Edgar Tetahiotupa, chercheur et anthropologue, a une approche différente : « C’est tout d’abord, me concernant, un soutien moral à la personne : une personne qui a fait énormément de choses ici. C’est un leader politique et il représente une grande marge de la population. Parmi les soutiens, il y a de nombreuses personnes qui ne font pas du tout de politique. J’en fais partie. Il y a au moins une idée qui a émergé : c’est la question de l’acharnement. Et on sent qu’effectivement, il y a un certain acharnement : c’est très mal considéré en Polynésie française. Lorsqu’on dit quelque chose, on laisse les choses se dérouler : les échéances vont venir, ce n’est pas la peine de s’acharner. S’acharner, c’est vraiment de la provocation dans la conscience collective de la population. Ici, ce qui a été la goutte d’eau c’est la pression, l’oppression, sur quelqu’un qui est considéré comme intègre… sans doute comme gênant aussi.

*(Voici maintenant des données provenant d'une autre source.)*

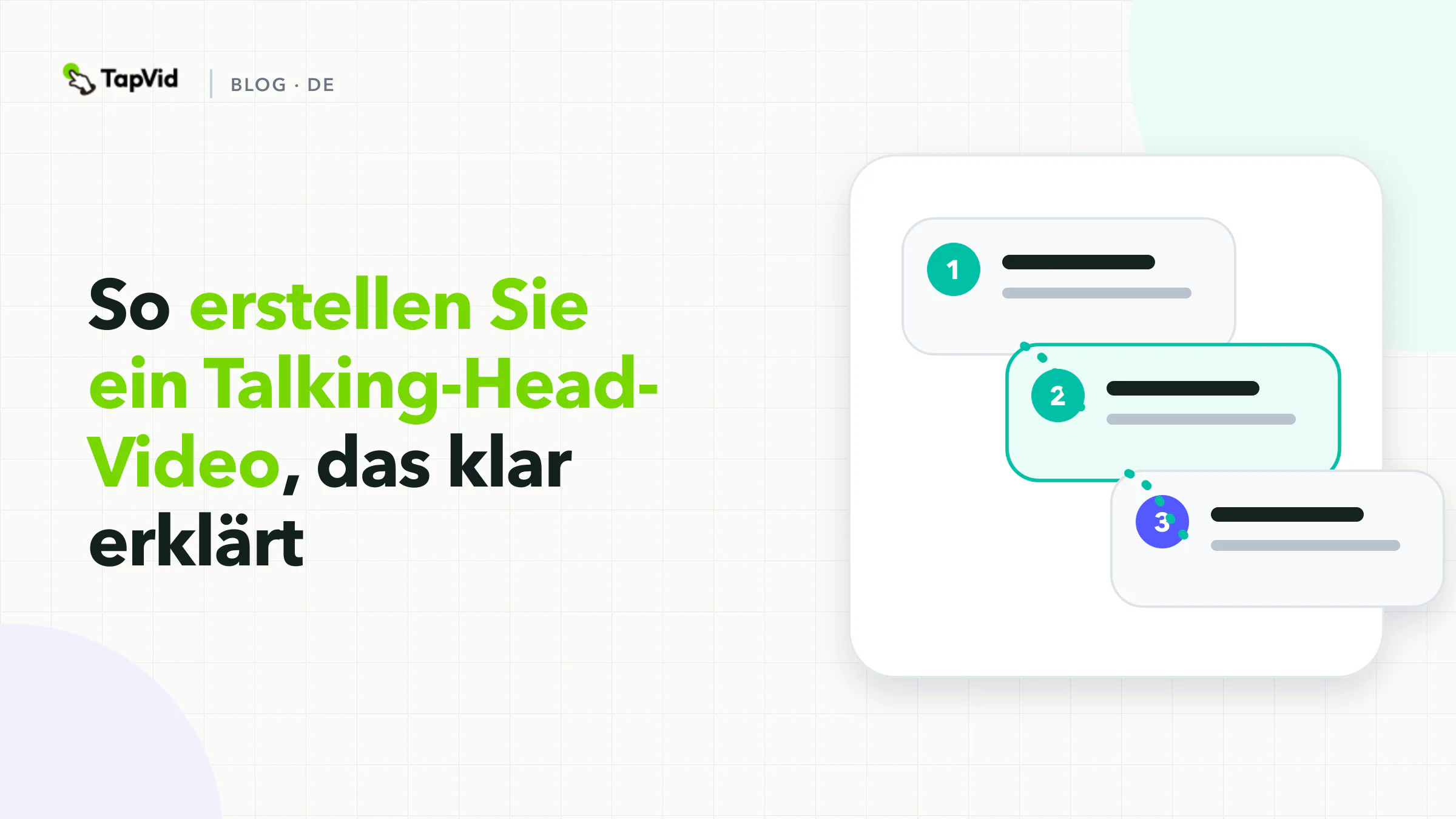 Workflow für ein Talking-Head-Video von der Aufnahme bis zu einem überprüfbaren visuellen Erklärvideo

Edgar Tetahiotupa Crédit Tahiti Nui Télévision

L’Etat, dans cette position, n’est jamais neutre. L’Etat gagnerait davantage d’estime de la société polynésienne dès lors où il commencerait à créer des liens et à apaiser les tensions. Si on veut réellement que des problèmes puissent être résolus, on ne peut pas rester l’Etat d’un côté, la société Polynésienne de l’autre. On devrait essayer d’établir un pont entre les gens qui habitent ici, et l’Etat. Là, on sent la faille, la rupture, de plus en plus fort. On ne peut pas régler des problèmes s’il n’y a qu’un seul parti qui conçoit, sans qu’il y ait dialogue et discussions pour trouver une solution commune. On ne peut pas oublier la population polynésienne. »

Au fenua, les sympatisants d’Oscar Temaru préparent une action collective pour les prochains jours.